We built CRM as an integrated platform, using a heuristic approach, that calculates the risk of the trigger of cholera, model’s detail is provided in the supplementary material. Our previous research created a pathway to the formulation of CRM. The hypothesis was first developed over the Indus River Basin24 and defined environmental variables' association with cholera outbreaks. Further, retrospectively, these associations were quantified and validated over Africa39, Asia40, and Caribbean22 regions. Here, utilizing those protocols, we developed CRM, a near real-time cholera risk prediction model, to predict the trigger of a cholera outbreak. Trigger represents those mechanisms stimulating cholera bacteria growth, multiplication, and persistence in the environment, after which under given water insecurity conditions, the interaction of the bacteria with the human population occurs. CRM evaluated cholera in Yemen from 2017 to 2019, as shown in Fig. 2a. CRM comprises a trigger22,73 module, which uses data for precipitation, temperature, population, and (WASH) infrastructure to compute a risk score with categorical values of high and low risk of cholera in a given region. The trigger algorithm identifies anomalous temperature and rainfall conditions, providing an assessment of cholera for the following four weeks for a given region. Details of model development and algorithmic architecture have been published elsewhere40.

Daily and monthly rainfall data at two different resolutions were obtained from the National Aeronautics and Space Administration (NASA). Monthly rainfall data (0.25° × 0.25°) from the Tropical Rainfall Measuring Mission were employed to compute the long-term average. Daily rainfall data (0.1° × 0.1°) were obtained from the Global Precipitation Mission and used to determine precipitation variation from the long-term average at resampled data points. Daily and monthly data for air temperature on the surface (0.5° × 0.625°) were obtained from the NASA Modern-Era Retrospective analysis Research and Application Version 2 and used to determine temperature variation and deviation from long-term averages. LandScan population data (1 km × 1 km) were obtained from Oak Ridge National Laboratory and used in the model to represent human population (averaged over 24 h) distribution. The CRM outputs were resampled at a spatial resolution of 10 km to provide predicted cholera risk for the following four weeks. Weekly reports of cholera cases at the governorate level, between January 2017 and July 2019, were obtained from the Early Warning, Alert, and Response System and The Assessment Capacities Project74. Figure S1 shows total cholera cases across all governorates during 2017, 2018, and the first 28 weeks of 2019.

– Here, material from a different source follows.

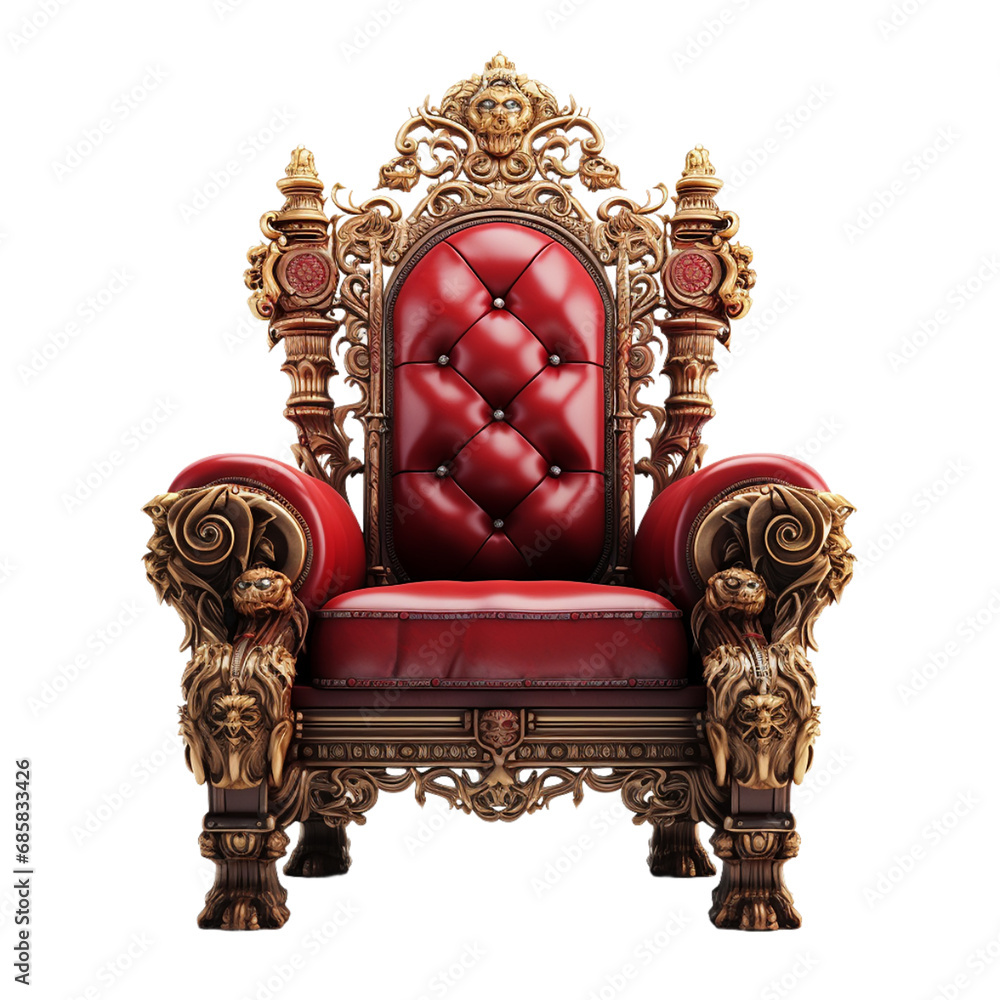 The Majestic Purple Armchair: A Throne For Comfort And Style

The trigger model output is a risk score that ranges from high (numerical value of 1) to low (numerical value of 0), inherently different from traditional compartmental disease models where output is usually presented as prevalence or incidence of cholera22,75. Pearson (parametric) and Kendall Tau rank (non-parametric) correlation coefficients were used to establish the association between the CRM risk score and cholera cases for all Yemen governorates. For each time point, trigger risk scores were computed and compared with the total number of cholera cases reported during the following four weeks. That is, the efficacy of forecasted cholera risk (four weeks in advance) was evaluated for the trigger module in near real-time. Complementary analyses of sensitivity, specificity, accuracy, precision, and NPV were used to indicate the association between the changes in model risk scores and the change in the number of cholera cases.